BUNEUL HAS LITTLE PITY for his protagonists. He demonstrates their greed, lechery, and dishonesty while seemingly delighting in their violent and humiliating fantasies. Passionately convinced that "we have not made the best of all possible worlds," Bunuel once said he wanted to "show with a cold white eye what they have done here on earth in the name of God."

However, the effect of his irony can be to distance his audience from his meaning. As a moralist, Buneul's values prove elusive. Though the audience may know that Bunuel has said, "I am not interested in society. I like people but not human society," the ambiguity as to how one is supposed to feel about the characters seems almost intentional. One can almost judge Bunuel to be unconcerned that his audience understand what he is saying.

But Bunuel has changed since he collaborated with Salvador Dali in 1929 to make the surrealistic film "Le Chien Andalou," whose release one stunned critic called "a date in the history of the cinema, a date marked with blood." His latest movie is kinder, less harrowing than past works. Though Bunuel is shrewdly anti-sentimental in stripping his bourgeoisle of its sanctuaries, it may even by permissible not to feel enraged by his six sturdy representatives of the middle class.

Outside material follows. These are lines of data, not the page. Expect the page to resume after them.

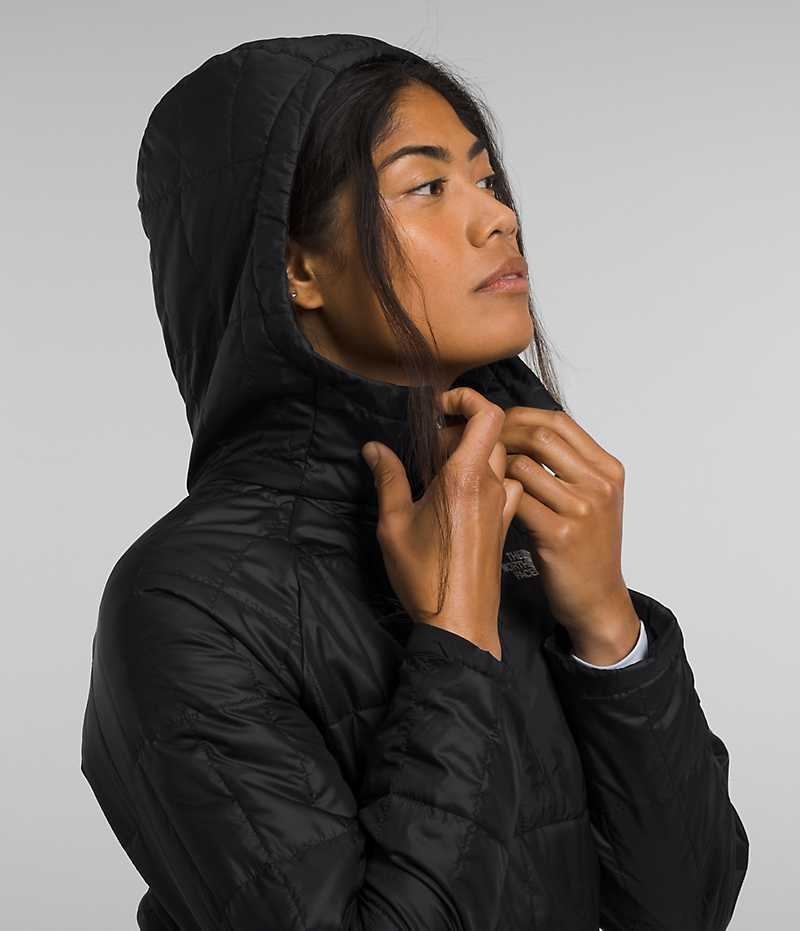 Black Women's The North Face Circaloft ¼-Zip Pullover Puffer Jacket | DUBLIN OURZ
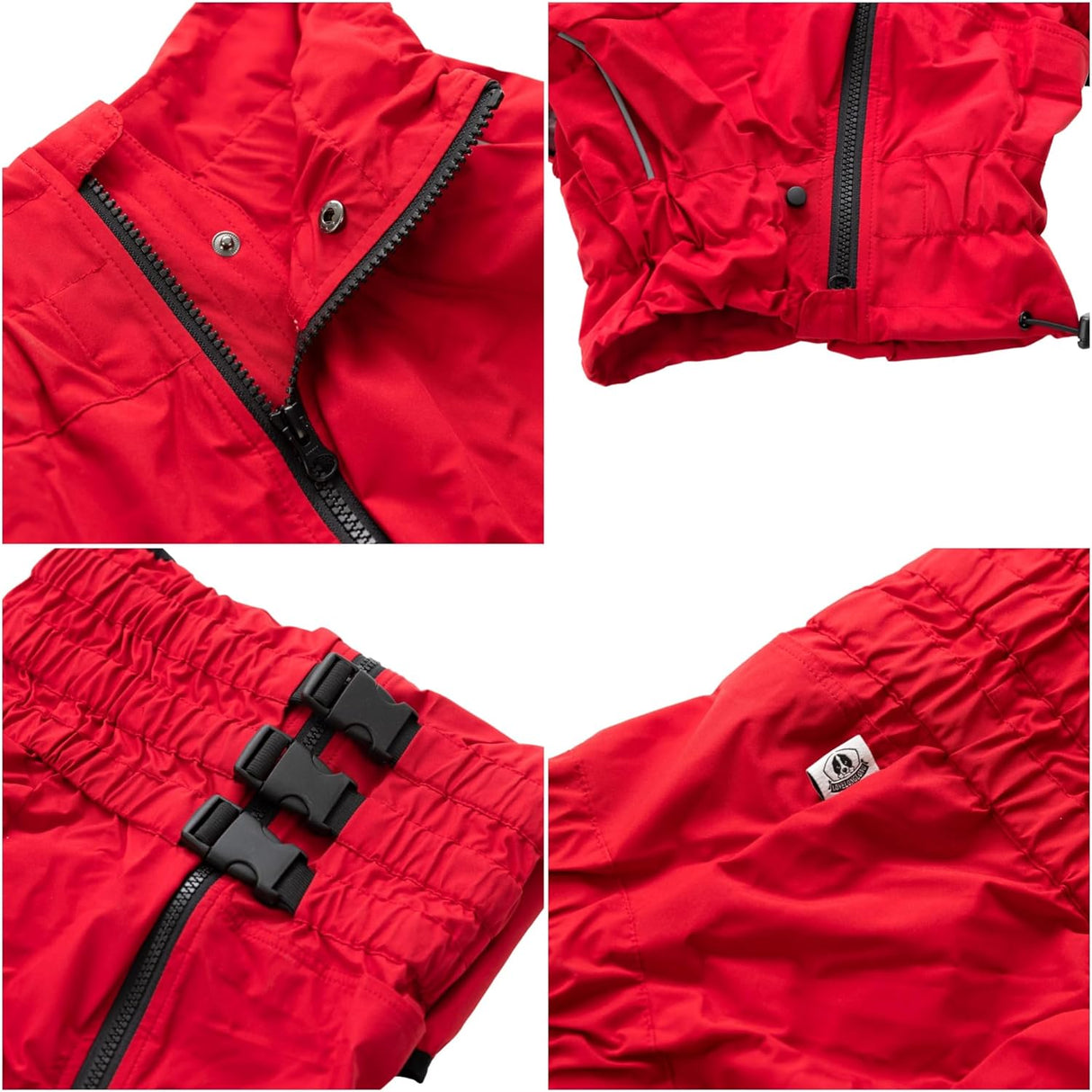 Chaqueta Impermeable para Perros, Ligera, Reflectante, XL
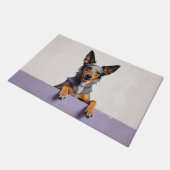Silken Windhound Doormat Art Deurmat (Schuin)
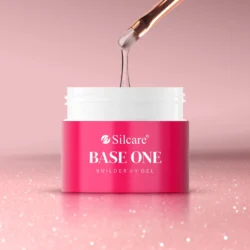 Gel UV Costruttore Base One Shimmer Misty Rose 50 g – Silcare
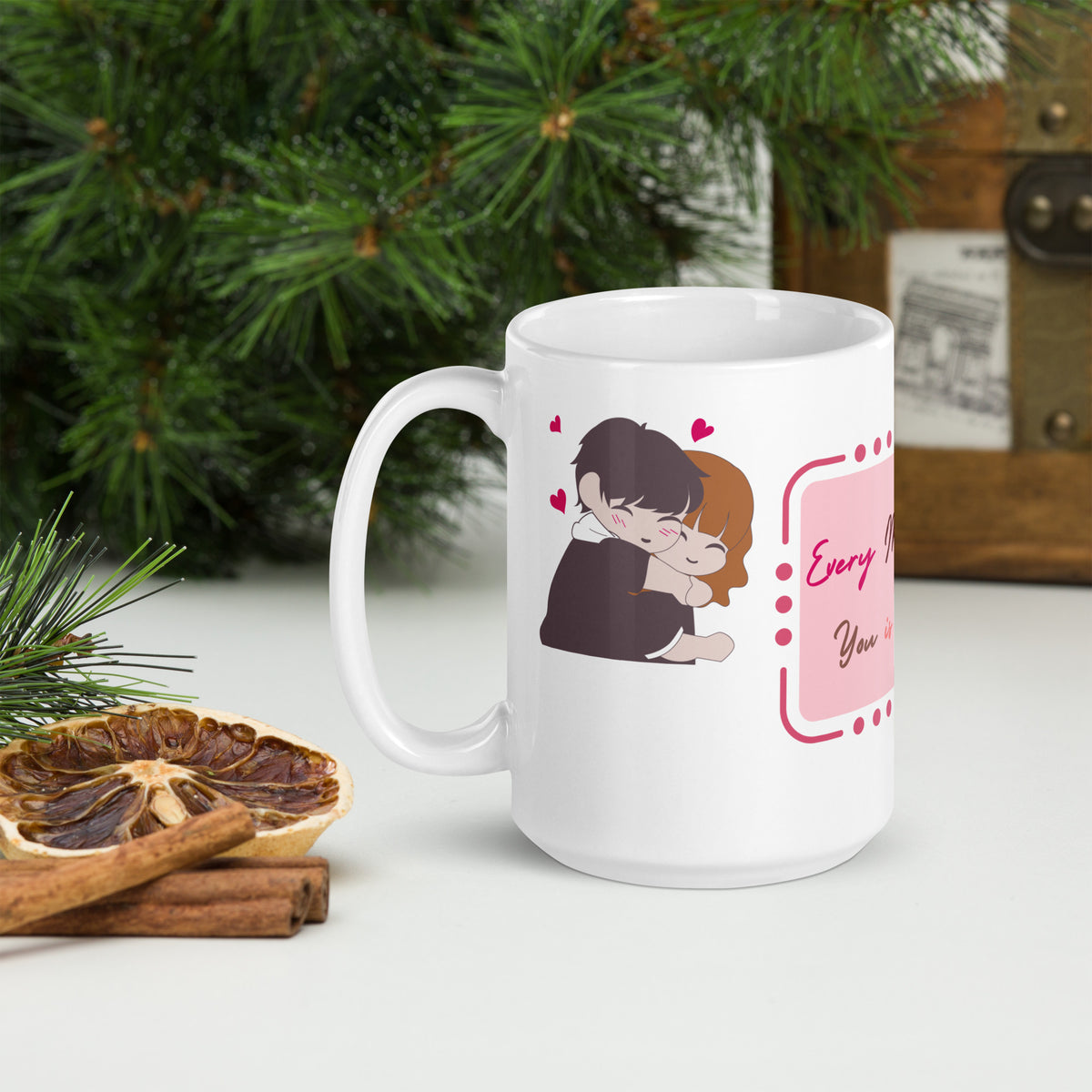 Celebrate Love with Heartfelt Art - Gift for Your Wife - - Mugs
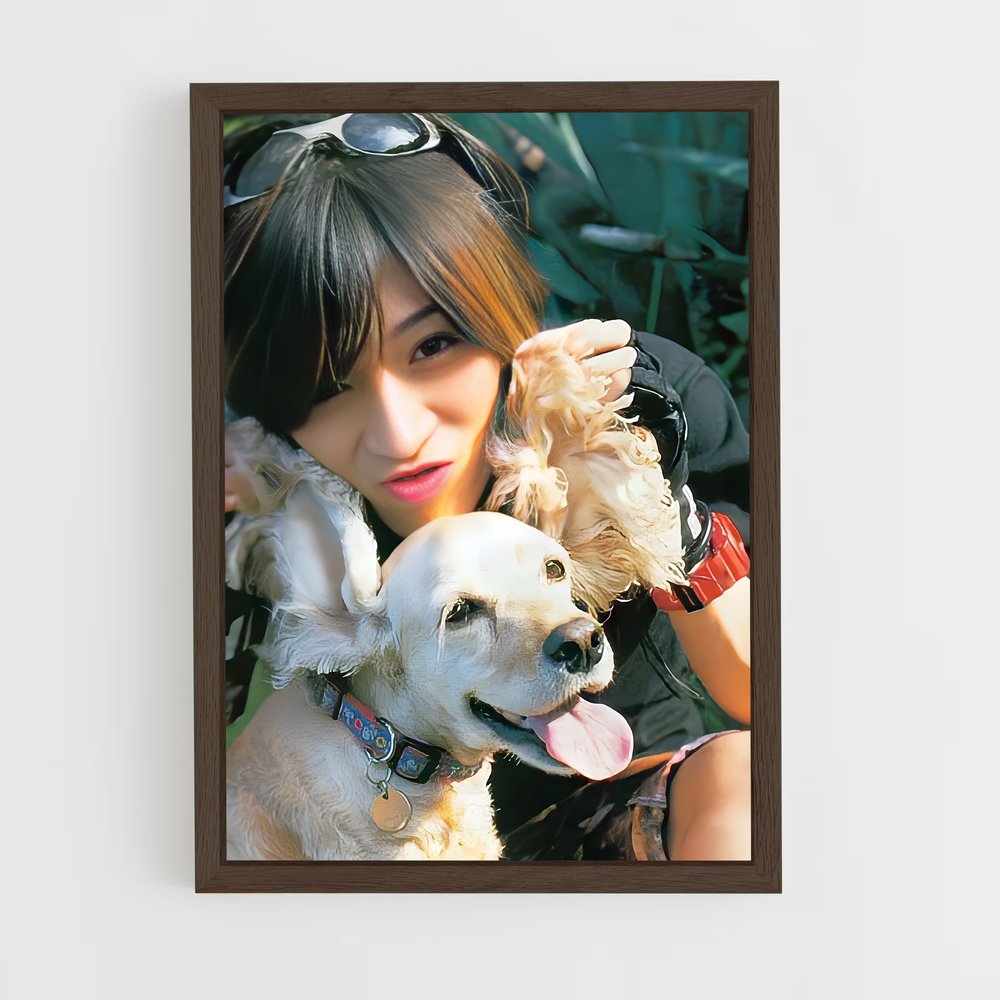ap-tetsuya l'arc en ciel-6 cadre Bois foncé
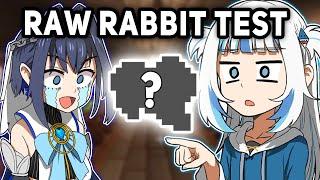 Minecraft Raw Rabbit Test【 Hololive EN 】#hololiveRewind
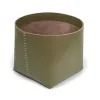 Wastepaper Basket, leather, H  30 cm, D 38 cm, clay - 3
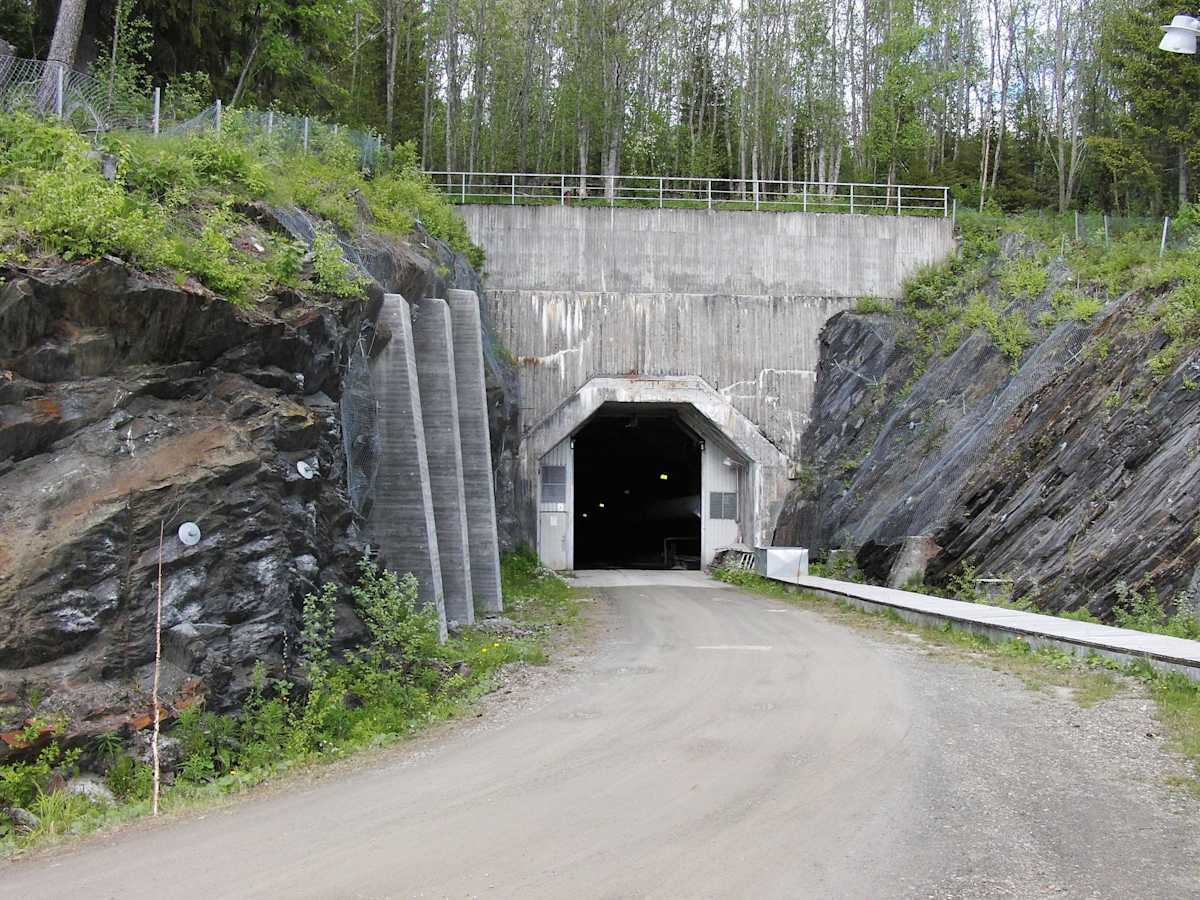 inngangsport til Linvasselv kraftverk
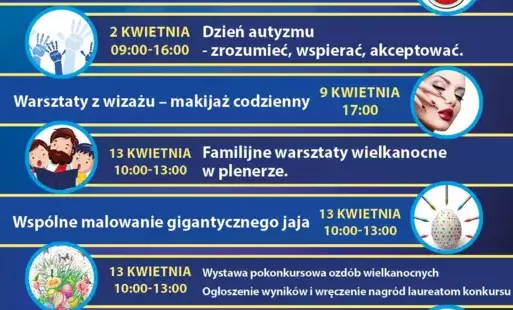 Zdjęcie do Kwiecień wydarzenia kulturane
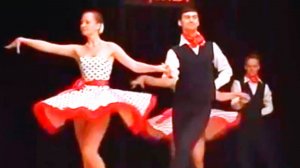 Под небом Парижа танец.Школа танцев Маритэ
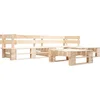 Image de vidaXL - 4-delige - Loungeset - pallet - hout - naturel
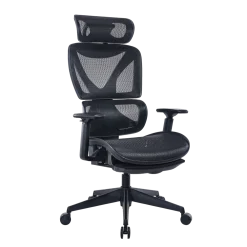 כיסא מנהלים ארגונומי MIRACASE MWMS200 שחור אפור עם הדום רגליים נשלף באחריות יבואן רשמי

The film is meant to entertain, to divert without rhetoric or didacticism, and it does so in parts with something close to lightheartedness. Watch for the scene in which Francois gives a demonstration lecture on the art of mixing dry martinis, at one point remarking that the ice must be very firm and very cold, about 32 degrees, and notice how discreet Bunuel himself is about the charm of his bourgeoisie.